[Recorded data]

"""

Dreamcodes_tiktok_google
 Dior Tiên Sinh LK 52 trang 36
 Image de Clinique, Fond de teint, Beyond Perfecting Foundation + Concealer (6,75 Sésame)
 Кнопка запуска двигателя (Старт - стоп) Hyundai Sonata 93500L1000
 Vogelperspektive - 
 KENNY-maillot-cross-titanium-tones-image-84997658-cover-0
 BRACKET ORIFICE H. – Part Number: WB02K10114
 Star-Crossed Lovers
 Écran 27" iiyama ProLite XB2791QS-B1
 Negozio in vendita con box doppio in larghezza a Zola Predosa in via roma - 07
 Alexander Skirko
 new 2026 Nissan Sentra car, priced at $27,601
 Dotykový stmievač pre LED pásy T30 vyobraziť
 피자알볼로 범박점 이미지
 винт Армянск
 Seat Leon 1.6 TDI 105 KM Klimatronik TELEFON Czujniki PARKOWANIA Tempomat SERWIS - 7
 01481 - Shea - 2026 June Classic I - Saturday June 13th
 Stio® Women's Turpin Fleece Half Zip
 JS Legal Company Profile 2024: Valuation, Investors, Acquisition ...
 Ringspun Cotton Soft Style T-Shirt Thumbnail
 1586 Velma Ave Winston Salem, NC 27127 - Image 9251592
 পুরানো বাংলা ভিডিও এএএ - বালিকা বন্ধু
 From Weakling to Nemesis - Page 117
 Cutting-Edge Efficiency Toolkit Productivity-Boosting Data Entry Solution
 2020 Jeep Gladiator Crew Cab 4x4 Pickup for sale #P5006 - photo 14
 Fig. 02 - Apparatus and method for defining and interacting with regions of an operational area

"""

### WORK INSTRUCTIONS
Exactly as they stand above, repeat all the records.

### ANSWER BELOW
Dreamcodes_tiktok_google
 Dior Tiên Sinh LK 52 trang 36
 Image de Clinique, Fond de teint, Beyond Perfecting Foundation + Concealer (6,75 Sésame)
 Кнопка запуска двигателя (Старт - стоп) Hyundai Sonata 93500L1000
 Vogelperspektive - 
 KENNY-maillot-cross-titanium-tones-image-84997658-cover-0
 BRACKET ORIFICE H. – Part Number: WB02K10114
 Star-Crossed Lovers
 Écran 27" iiyama ProLite XB2791QS-B1
 Negozio in vendita con box doppio in larghezza a Zola Predosa in via roma - 07
 Alexander Skirko
 new 2026 Nissan Sentra car, priced at $27,601
 Dotykový stmievač pre LED pásy T30 vyobraziť
 피자알볼로 범박점 이미지
 винт Армянск
 Seat Leon 1.6 TDI 105 KM Klimatronik TELEFON Czujniki PARKOWANIA Tempomat SERWIS - 7
 01481 - Shea - 2026 June Classic I - Saturday June 13th
 Stio® Women's Turpin Fleece Half Zip
 JS Legal Company Profile 2024: Valuation, Investors, Acquisition ...
 Ringspun Cotton Soft Style T-Shirt Thumbnail
 1586 Velma Ave Winston Salem, NC 27127 - Image 9251592
 পুরানো বাংলা ভিডিও এএএ - বালিকা বন্ধু
 From Weakling to Nemesis - Page 117
 Cutting-Edge Efficiency Toolkit Productivity-Boosting Data Entry Solution
 2020 Jeep Gladiator Crew Cab 4x4 Pickup for sale #P5006 - photo 14
 Fig. 02 - Apparatus and method for defining and interacting with regions of an operational area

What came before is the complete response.